2. The Lakers show they’re a work in progress closing out games. They nearly coughed up a double-digit lead for the second consecutive game because it’s still seeking a definitive unit for that time. Steve Nash rightfully played his way back into the rotation after showing more rhythm (more on that later). But the unit remained in flux with Shawne Williams fouling out midway through the fourth quarter. That left Mike D’Antoni reluctantly pairing Hill with Gasol. Hill still proved valuable with hustle points (six points) and rebounds (five). But he also missed a key defensive rebound and committed a turnover that led to Atlanta converting on the other end. The Lakers’ perimeter defense also looked lazy against stopping hot-shooting Kyle Korver (22 points on 8 of 9 shooting and 6 of 6 from 3-point range).

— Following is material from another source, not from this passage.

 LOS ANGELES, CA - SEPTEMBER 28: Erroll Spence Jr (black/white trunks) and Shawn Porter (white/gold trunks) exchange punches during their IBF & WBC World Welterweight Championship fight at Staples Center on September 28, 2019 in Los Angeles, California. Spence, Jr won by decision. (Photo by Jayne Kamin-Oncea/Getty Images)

3. The Lakers’ lineup switch worked It’s far too early to make any declarative statements regarding the Lakers’ progress. Through four games, it’s clear that for better or for worse that developments remain a fleeting snapshot. But at least against Atlanta, Mike D’Antoni’s decision to start Xavier Henry at small forward over Nick Young paid off. Henry maintained his aggressiveness in attacking the basket and showing a dependable mid–range jumper, finishing with 18 points on 5 of 11 shooting. Young rediscovered his shooting touch by posting 13 points on a 5 of 9 clip.

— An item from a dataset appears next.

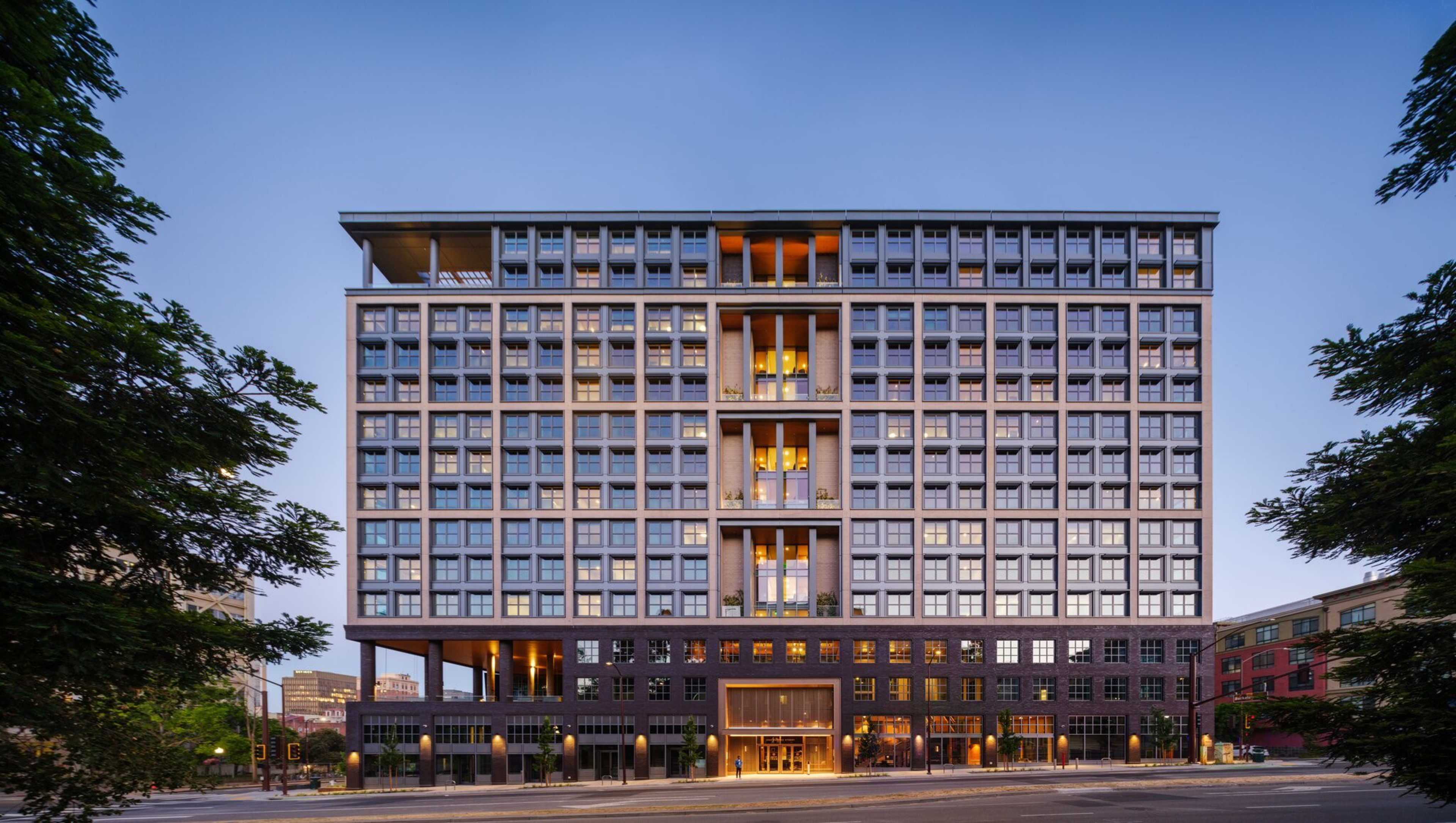 The image shows a modern, multi-story building with a grid-like window pattern and a mix of light and dark facade elements, set against a clear sky. Trees frame the sides.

D’Antoni didn’t just shuffle the lineup because of Henry’s superior defense and Young’s initially poor shooting. D’Antoni also made the move in hopes it would jumpstart the starting lineup. The strategy worked. The Lakers’ starters showed better ball movement, while the Lakers’ reserves still maintained their high octane energy.
4. Nash finds his rhythm. After slogging through the season both with pain and a shaky jumper, Nash made a great first step into morphing back into an effective point guard. The stats might not show it with his 13 points on 5 of 13 shooting. But there were other signs. Nash looked more fluid moving around the court and appeared more comfortable setting up teammates. Nash also appeared in the fourth quarter, something D’Antoni refused to do in the Lakers’ loss Friday to San Antonio because of stiffness stemmed from sitting so long. It’s weird saying this considering Nash’s Hall of Fame credentials. But this game could help his confidence as he tries to rediscover his game while staying healthy.
5. Wesley Johnson earning his keep on defense. It seems as if Johnson would be more suited playing at the small forward spot both because of his long swingpan and athleticism, two necessary assets to have for perimeter defenders. But even if he lacks the physical strength to play inside at power forward, Johnson has carved at a niche at this point because of his strong hustle and energy. Johnson’s nine points on 3 of 5 shooting also marks a welcome development considering he opened the season shooting only 23.3 percent from the field in the first three games. But Johnson has shown more consistency on defense, partly because of his earnest attempt to play more assertively than in past seasons.